El discurso del RH

Febrero 9, 2010

Años atrás, cuando el peneuvista Xabier Arzalluz blandía el RH negativo del pueblo vasco como distintivo de superioridad, se montaba un dos de mayo, una jauría vocinglera se tiraba a degüello, el patriotismo de Channel y Moët & Chandon se rasgaba las vestiduras, conspicuos visionarios anunciaban el apocalipsis y hasta el apuntador gritaba, como la iracunda reina de corazones del País de las Maravillas, ¡que le corten la cabeza! El ex jefe del PNV desempeñaba a la perfección el papel de malo, de provocador, de pararrayos de la rabia del españolismo con alcanfor para dar alas a su estrategia del frentismo y la división en Euskadi.

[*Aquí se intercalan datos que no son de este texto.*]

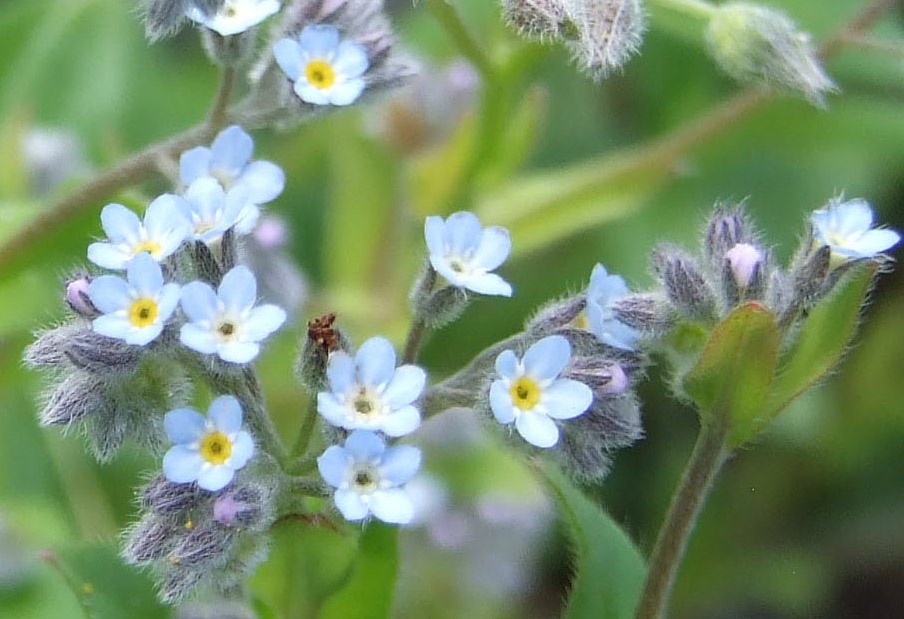 Myosotis stricta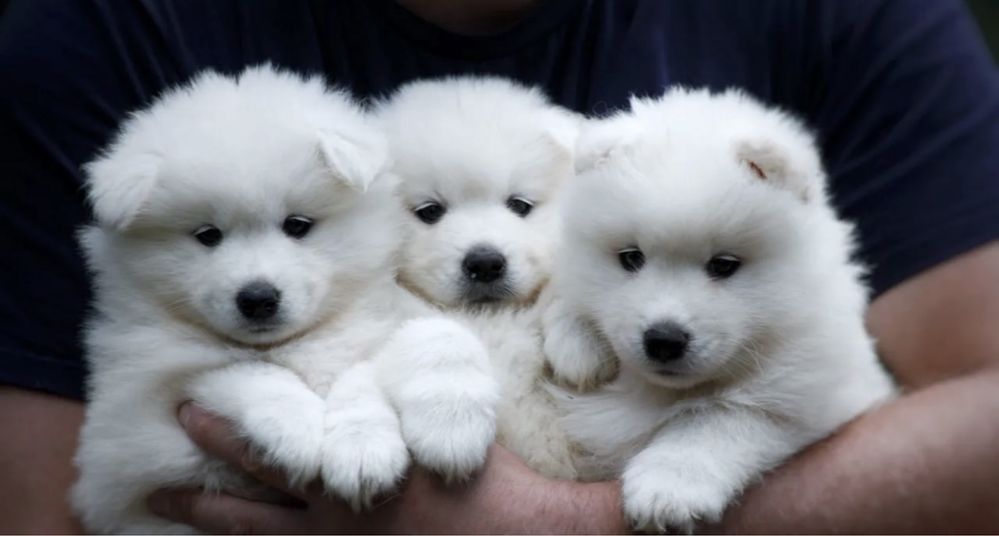 Samoyed juz do odbioru oraz do rezerwacji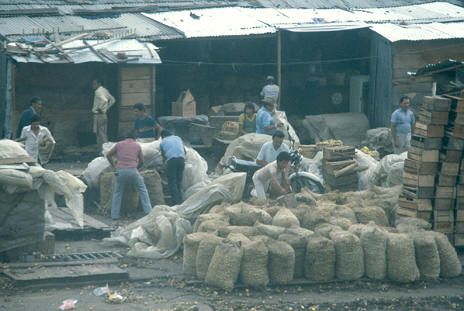 Mercado de papas Centro de Medellin
Cehap 1992


Palabras clave: ECONOMIA INFORMAL VENDEDORES MEDELLIN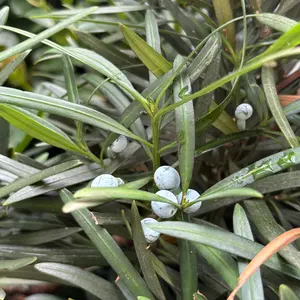 イヌマキとは｜育て方がわかる植物図鑑｜みんなの趣味の園芸（NHK出版）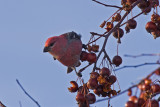 Durbec-des-sapins_Pine Grosbeak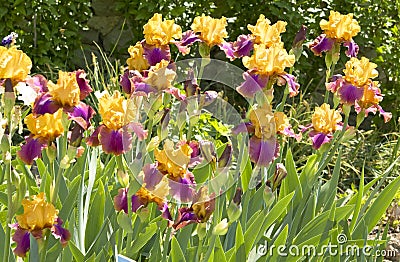 Irises Of Orange And Violet Colours Stock Photos - Image: 34160483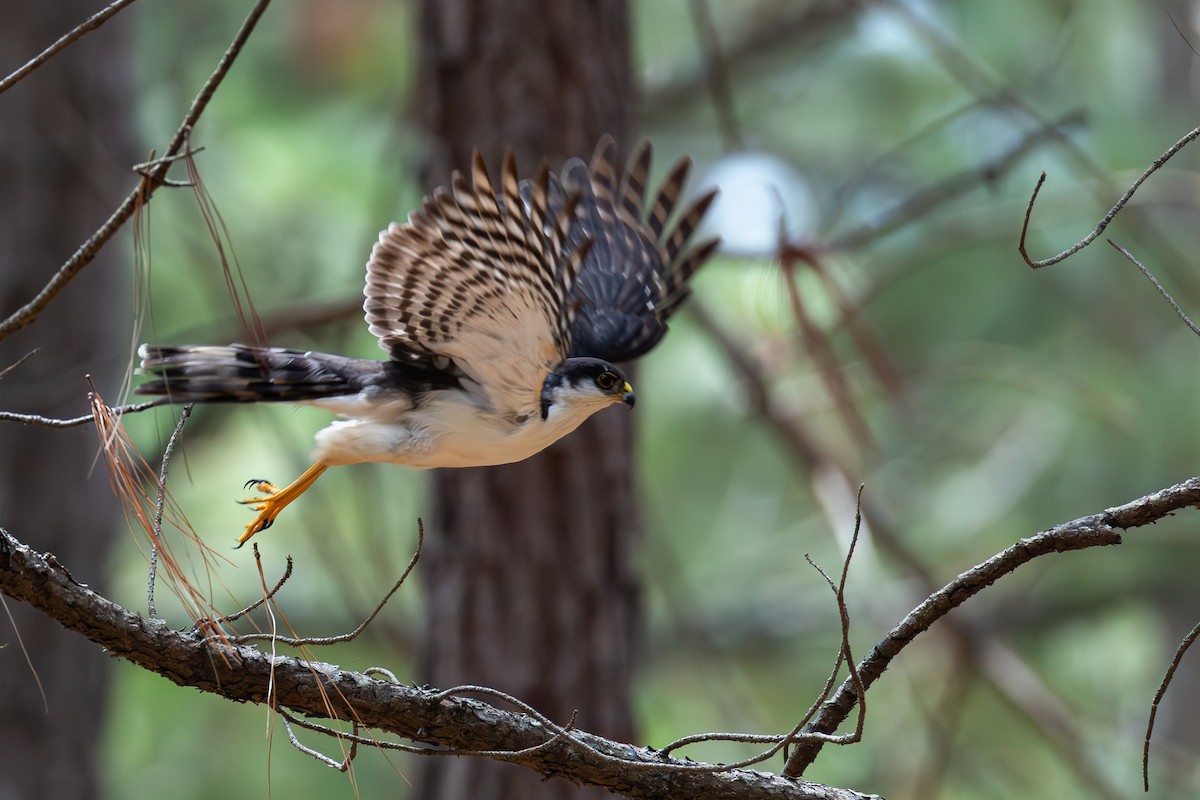 Sharp-shinned Hawk (White-breasted) - ML640255710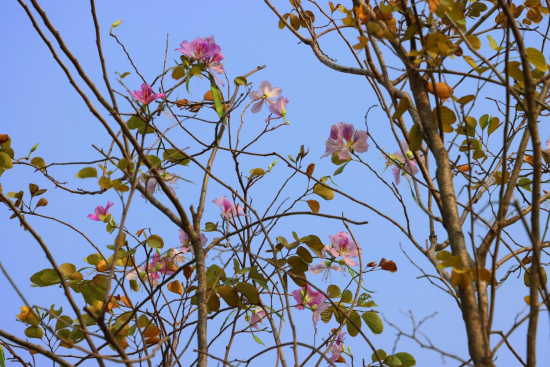 1774571784128983.png image.png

El PP está transitando la senda del estrépito abierta antaño por Arzalluz. En unos días han lanzado al aire una moneda envenenada cuyo haz y envés invitan al odio y la discordia, alumbran una sociedad dual de elegidos y de apestados. Por un lado, se conocía un manifiesto auspiciado por el partido de la gaviota con el inapropiado título de “Maldito PSOE y malditos todos sus votantes“. Por otro, su número dos en Andalucía, Antonio Sanz, explotaba su vena intransigente y se ponía a repartir patentes identitarias con una sentencia tan descabellada como grosera: “Los andaluces de verdad están en el PP”. ¡Menudo desvarío!

Ya sabemos cómo divide la derecha a este pueblo: los que están con ellos son los mejores, la gente de bien y de orden, los que hacen patria, los que tiran del carro, los que nos sacan las castañas del fuego; el resto, que curiosamente supone una amplia mayoría social, somos los malditos, la morralla, el voto cautivo, los estómagos agradecidos, los parásitos, los que lastramos el futuro… El PP no renuncia a su visión clasista y excluyente de Andalucía. No se desprende ni de los viejos clichés ni de los obscenos prejuicios. Así, insultado, vejando o subestimando a los que tenemos el corazoncito político a la izquierda, que somos legión, va a tener difícil ampliar su base electoral.

¡Ah! Que diga Sanz dónde reparte el carnet de andaluz… Es para ir a otra ventanilla. Los andaluces de cuna o de corazón (yo respondo a ambos criterios) ya sabemos que caja de pandora no hay que abrir. Tenemos otros gustos. Los andaluces bastardos o de pacotilla, cono nos define el PP, preferimos la izquierda porque no mira el RH ni pide credenciales para defender y amar esta tierra.